# Lab 06 – demo notebook

<span style="color: red;">**Do not read through this notebook until after the Lab 06 invention activity is done in class.**</span>

## 1. Load the libraries and the data to fit

In [None]:
%reset -f
%matplotlib widget
import data_entry2
import numpy as np
import matplotlib.pyplot as plt
import fit_plot


In [None]:
# Load the data used for Prelab 05.
de1 = data_entry2.sheet_copy(
    "../../Lab05/prelab05_hookes_law", "demo_copy-prelab05_hookes_law"
    )

## 2. Chi-square minimization (also known as *weighted least squares*)

**Chi-square minimization** (or **weighted least squares**) is a method used for finding the **best-fitting parameters** of a model when fitting data.

In the following code, adding the argument `chi2 = True` to `fit_plot.line` enables the `Chi2` output (note that `fit_plot.line` returns the **reduced chi-square** $\chi^2_\mathrm{red}$ as seen in class during the invention activity). 

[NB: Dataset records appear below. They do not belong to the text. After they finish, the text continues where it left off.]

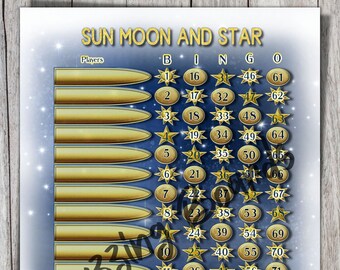 Tableros de bingo Sun Moon and Star 2 PDF (directos y mixtos), 8,5 x 11 pulgadas, 15 líneas, 1 a 75 bolas, imprimible, a todo color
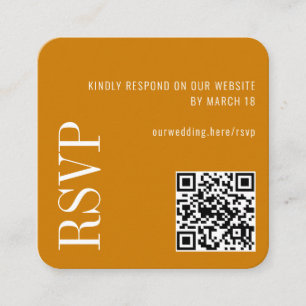 Golden Yellow Modern Custom QR Code Wedding RSVP Begleitkarte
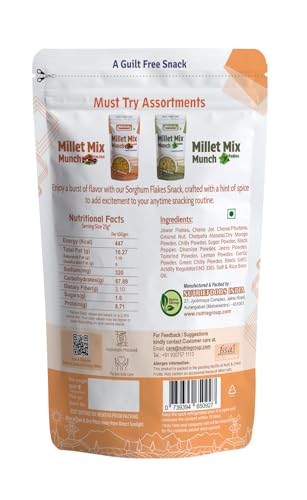 Image of Nutriefoods Millet Mix Munch Snack, 100% Roasted Millets, Guilt Free, Nutritious Munch (Chatpata Jowar (Pack of 2), 200gm)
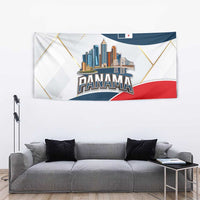 Panama City Skyline Tapestry with National Coat of Arms and Red Blue Flag Theme - Wonder Print Shop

Try to minimize the value for $\chi^2_\mathrm{red}$ using a combination of clicking within the scatter plot, within the residuals plot, and updating the values manually using the text boxes. You should be able to find a combination of parameters that gets you to a $\chi^2_\mathrm{red}$ value that is slightly below 0.5. You can also check the answer in the cell that follows the fitting widget. 

In [None]:
x_data = delta_xVec
y_data = f_sVec
del_y_data = del_f_sVec
del_x_data = del_delta_xVec
unique_graph_title = "Chi-square minimization for Prelab 05 data"

fit_plot.line(unique_graph_title, x_data, y_data, del_y_data, chi2=True)

#### Answer: best-fitting model parameters

The best-fitting parameters are `Slope = 2.08` and `Intercept = 0.0045`, which gives a $\chi^2_\mathrm{red}$ of 0.66.

## 3. Estimate the uncertainty in the slope using the reduced chi-square

Our new statistic for goodness-of-fit testing, $\chi^2_\mathrm{red}$, allows us to use an improved method to determine the uncertainty in the slope, which we will demonstrate below.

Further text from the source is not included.